**Exercise data**.
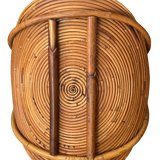 Italian log holder in rattan and bamboo from the 1960s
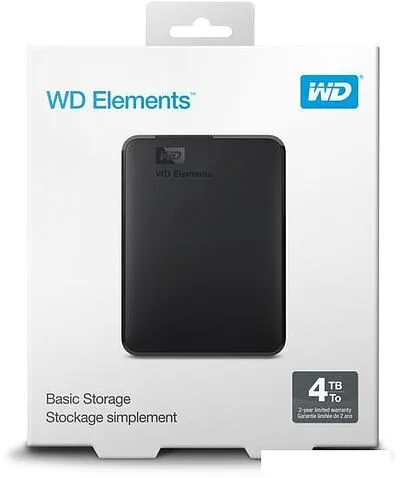 Внешний накопитель WD Elements Portable 4TB WDBU6Y0040BBK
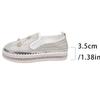 Fashion Large Shiny Crystal Decor Casual Shoes Woman Plus Size Thick Sole Non Slip Flats Mujer Women's Light Comfort Platform Loafers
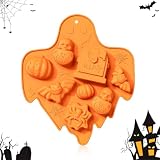 ACYDSR 1 Molde de silicona de Halloween para chocolate, fantasma, calavera, calabaza, murciélago, para repostería, cupcakes y decoración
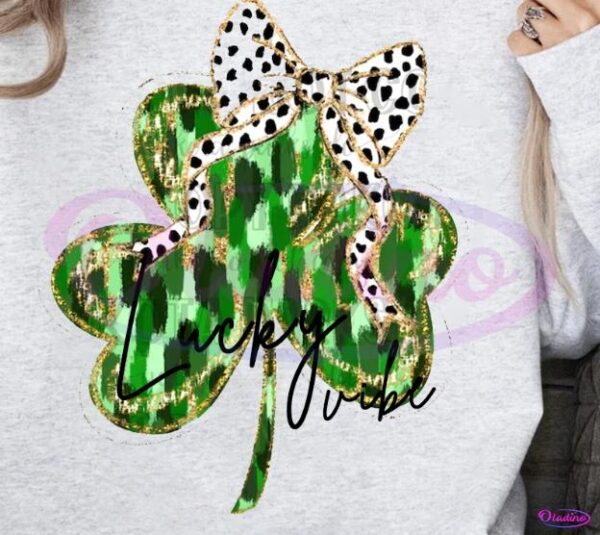 Vintage St Patricks Lucky Shamrock Coquette Bow PNG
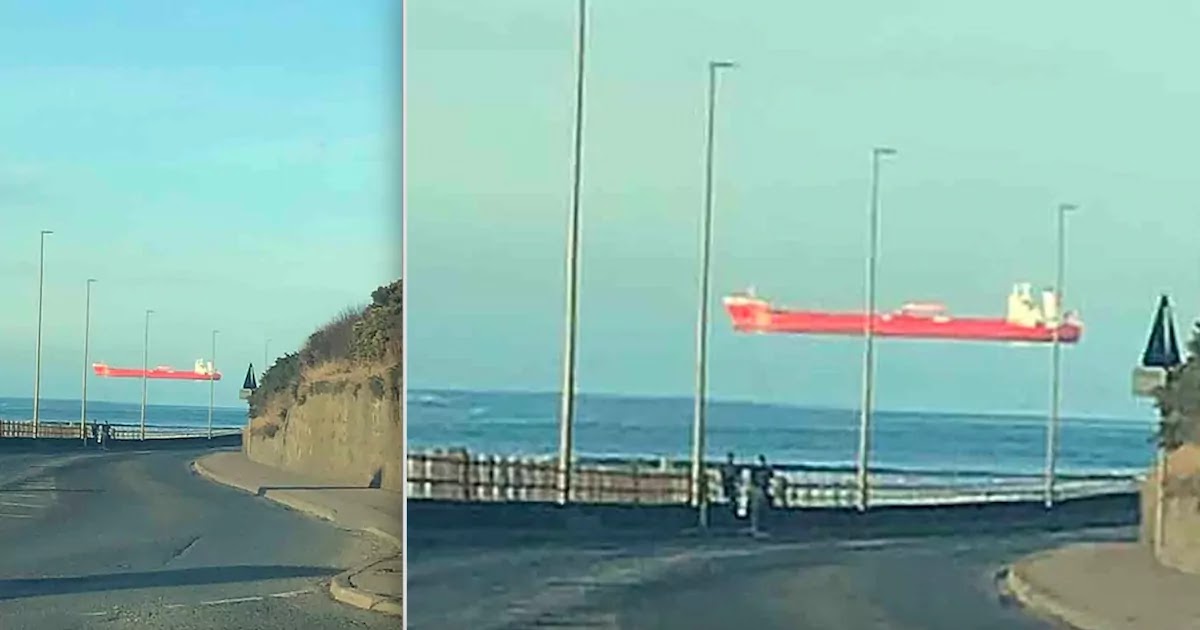 Man Captures Optical Illusion Of Oil Ship Sailing In The Sky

**What needs to be done**.
Once the pictures are set aside, please reproduce the remaining material word for word.

**Expected output**.
 Italian log holder in rattan and bamboo from the 1960s
 Внешний накопитель WD Elements Portable 4TB WDBU6Y0040BBK
 Fashion Large Shiny Crystal Decor Casual Shoes Woman Plus Size Thick Sole Non Slip Flats Mujer Women's Light Comfort Platform Loafers
 ACYDSR 1 Molde de silicona de Halloween para chocolate, fantasma, calavera, calabaza, murciélago, para repostería, cupcakes y decoración
 Vintage St Patricks Lucky Shamrock Coquette Bow PNG
 Man Captures Optical Illusion Of Oil Ship Sailing In The Sky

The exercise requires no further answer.